Jul 09, 2008 19:29
My mother home-schooled me through most of elementary school. I was a somewhat intractable student, as far as I remember, mostly because I didn't deal well with frustration. If I understand something quickly, I'm fine; it has been my great good luck to have enough native intelligence that I understand most things quickly. If, on the other hand, I didn't get it after a few tries I would become frustrated, often to the point of tears.
I think my mother just thought that I had an attitude problem; that if I couldn't get it right away, I refused to even try. This isn't really true. My problem was (and is) that if I couldn't understand a problem right away, it would make less and less sense the longer I stared at it. My mind would start twisting into inexplicable knots, simple concepts stopped making sense, and sooner or later I'd burst into tears and throw my workbook across the room.
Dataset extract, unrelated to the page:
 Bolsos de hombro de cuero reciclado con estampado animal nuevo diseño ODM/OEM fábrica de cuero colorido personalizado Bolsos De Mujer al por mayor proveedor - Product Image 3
Arithmetic always did this to me. Once I got to higher math I was fine, but there was something about addition, subtraction, multiplication, and division that I could never wrap my head around. Mostly, this didn't really matter. After sixth grade, most teachers would let us use calculators and if I didn't have to worry about the numbers, math became a matter of logic. I'm good at logic; I'm not good at numbers.
One small problem. Calculators are not permitted on the GRE exams.
At the age of twenty-two, I have discovered that multiplying fractions still has the power to reduce me to tears.